Dangerous crossroads, the road to WW III?
Congress Is Bringing Back the Idea of a ‘Limited’ Nuclear War
“To me, it is all about deterrence. We need some capacity to be able to fill a deterrence gap. If we leave the gap, then we are at risk.”
By Jeff Schogol
Lawmakers are betting $45 million that a nuclear war does not automatically mean the end of the world.
Rep. Jim Cooper (D-Tenn.) recently added an amendment to the House version of the Fiscal 2023 National Defense Authorization Act that would provide $45 million for the Nuclear-Armed Sea-Launched Cruise Missile, even though President Joe Biden’s administration has indicated it wants to stop the program.
Defense officials have not said publicly how powerful the Nuclear-Armed Sea-Launched Cruise Missile is, but Pentagon spokesman Oscar Seára described it as a “low-yield weapon.”
The missile would give the U.S. military a relatively small nuclear weapon that is meant to deter Russia and China from using their own low-yield nuclear weapons because they assume the United States would not respond with far more powerful strategic weapons.
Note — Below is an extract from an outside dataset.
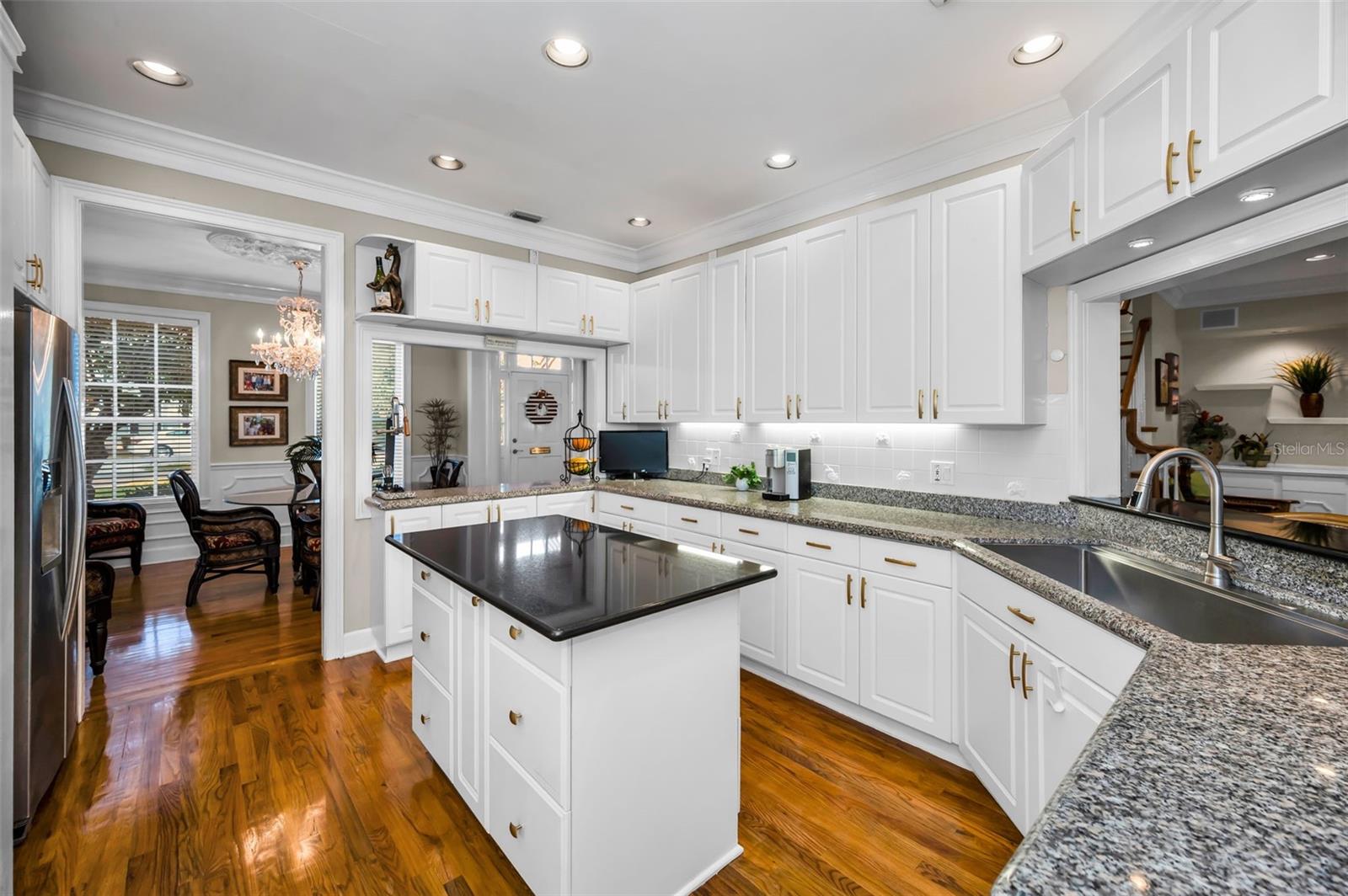 CLAIR MEL SUB UNIT - Residential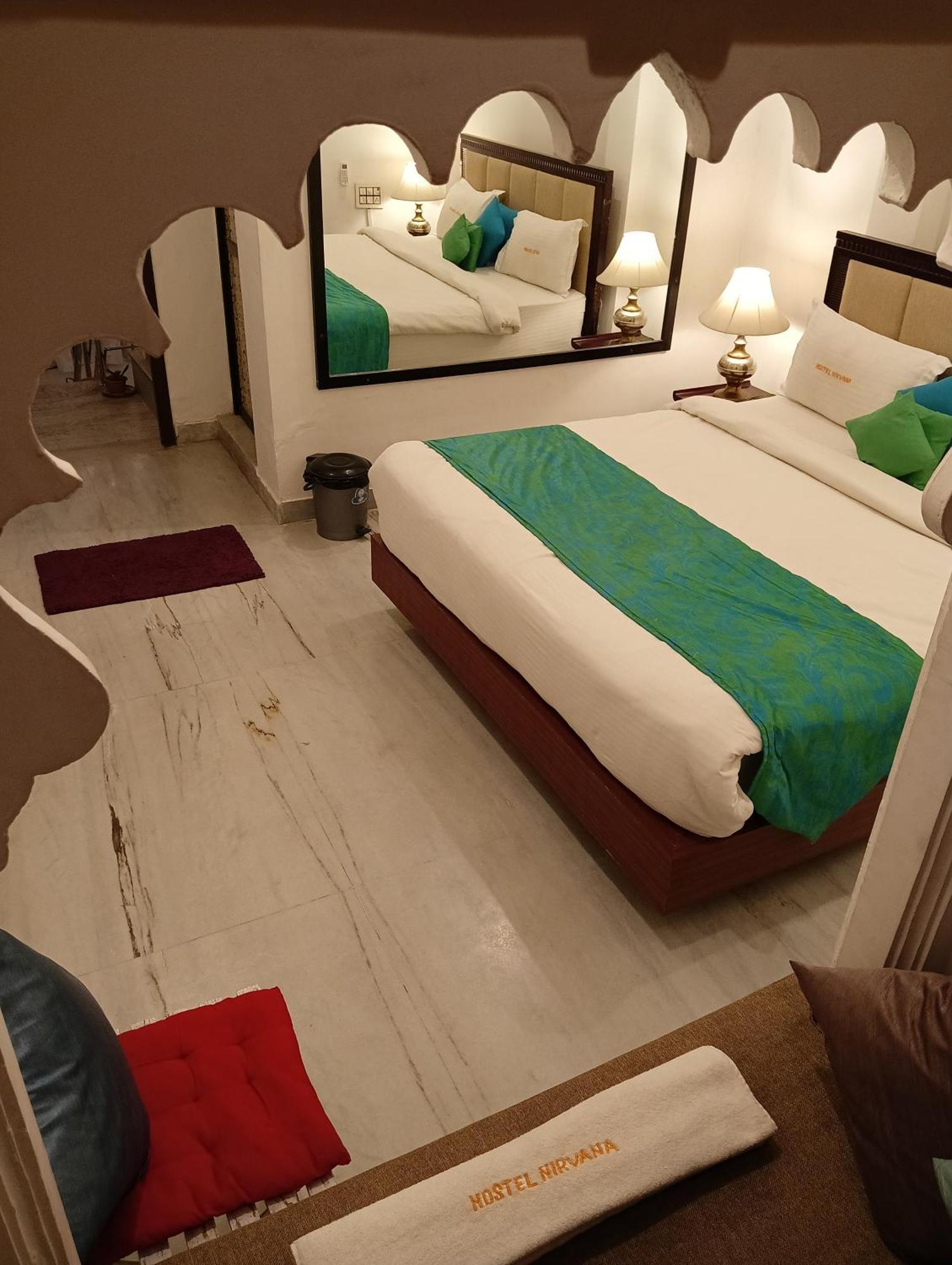 Hotel Nirvana Lakeside Udaipur Buitenkant foto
“Expanding flexible U.S. nuclear options now, to include low-yield options, is important for the preservation of credible deterrence against regional aggression,” according to the 2018 Nuclear Posture Review. “It will raise the nuclear threshold and help ensure that potential adversaries perceive no possible advantage in limited nuclear escalation, making nuclear employment less likely.”